I'm just too excited and want to get everything for him:brick:


----------



## Molly120213 (Jan 22, 2014)

I use the natures miracle stain and odor remover. My toothbrush and paste came together in a kit made by nylabone. I liked it because it had a finger brush and a regular brush included. If your dog doesn't like the toothpaste you get just try another flavor.


----------



## Cody010414 (Mar 23, 2014)

I would also suggest getting an antler for your puppy to chew.


----------



## Carmenchanwong (Apr 15, 2014)

antler? :suspicious:
no idea what it is, and now going to search it online . Thanks a lot


----------



## gelbergirl (Jun 9, 2007)

Oh I'm so excited too!


----------



## Carmenchanwong (Apr 15, 2014)

I'm getting way too excited and couldn't sleep well for more than a week now.
I 'd called couple Vets today and asking about their services and quotations, and still not decide who's gonna be the right one…  headache !!!!
I met a lady at the whole pet store who owns three yorkies, and she told me ticks are really a big issue here….scary !!


----------



## Pucks104 (Aug 16, 2012)

Congrats on adding Prince to your family!
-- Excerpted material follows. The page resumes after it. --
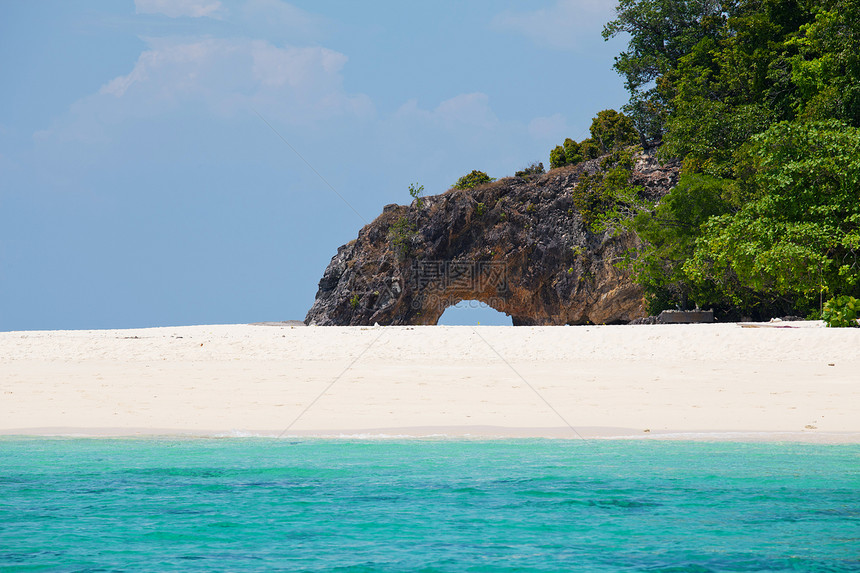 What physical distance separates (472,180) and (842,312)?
37812 millimetres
I remember how excited I was those last few days before Leo came home. Try to get in the routine of going over Prince morning and night with a comb and really looking closely through his coat. Not only will this give you an opportunity to watch for ticks, fleas, etc. it will help you get Prince very comfortable with being handled. Touch, rub, inspect him from the tip of his nose to the tip of his tail. Look at and handle his paws, ears, mouth, rear, tail, belly everywhere! Enjoy!


----------



## Carmenchanwong (Apr 15, 2014)

Should I schedule a wellness examination for Prince ? 
Any specific exam we need to do other than puppy vaccine and intestinal parasites test ?


----------



## Molly120213 (Jan 22, 2014)

Do you have any specific timeline for the exam in your breeders contract? I had three days after I picked up my pup to have her examined by my own vet if I chose to. This would cover me to get a full refund if my vet found any serious issues. I then took her back as needed to continue with her immunizations.
Make sure you are familiar with the immunizations, heartworm, flea meds, etc. They are going to throw a lot of information at you all at once. Some vets give more than one type of shot at a time and some will space them out. They may tell you to get the Leptospirosis vaccine when you may not want to due to the high rate of side effects. I purchased my flea meds at the vet when I could have saved money by buying it elsewhere. Same with heartworm. Price it out before you go so you have something to compare it to.

Diane


----------



## Carmenchanwong (Apr 15, 2014)

Molly120213 said:


> Do you have any specific timeline for the exam in your breeders contract? I had three days after I picked up my pup to have her examined by my own vet if I chose to. This would cover me to get a full refund if my vet found any serious issues. I then took her back as needed to continue with her immunizations.
> Make sure you are familiar with the immunizations, heartworm, flea meds, etc. They are going to throw a lot of information at you all at once. Some vets give more than one type of shot at a time and some will space them out. They may tell you to get the Leptospirosis vaccine when you may not want to due to the high rate of side effects. I purchased my flea meds at the vet when I could have saved money by buying it elsewhere. Same with heartworm. Price it out before you go so you have something to compare it to.
> 
> Diane


you are right !!! The consultant at the Vet office already quote me tons of items ($$$$$) 
One more silly question&#8230;.puppy needs shots, and are they going to charge for office visit every time even only for the shot?


----------



## Pucks104 (Aug 16, 2012)

I scheduled Leo's first vet visit on Tuesday am after he arrived at my house on Sunday. The vet gave him a thorough going over, checked for worms, No Shots on that visit, purchased about 3 months of Heartworm preventive and flea product. I sent a copy of the receipt showing what had been done during the visit to the breeder so she would know that I had met the requirement for a veterinary exam within the first 3 days.


----------



## Pucks104 (Aug 16, 2012)

Carmenchanwong said:


> you are right !!! The consultant at the Vet office already quote me tons of items ($$$$$)
> One more silly question&#8230;.puppy needs shots, and are they going to charge for office visit every time even only for the shot?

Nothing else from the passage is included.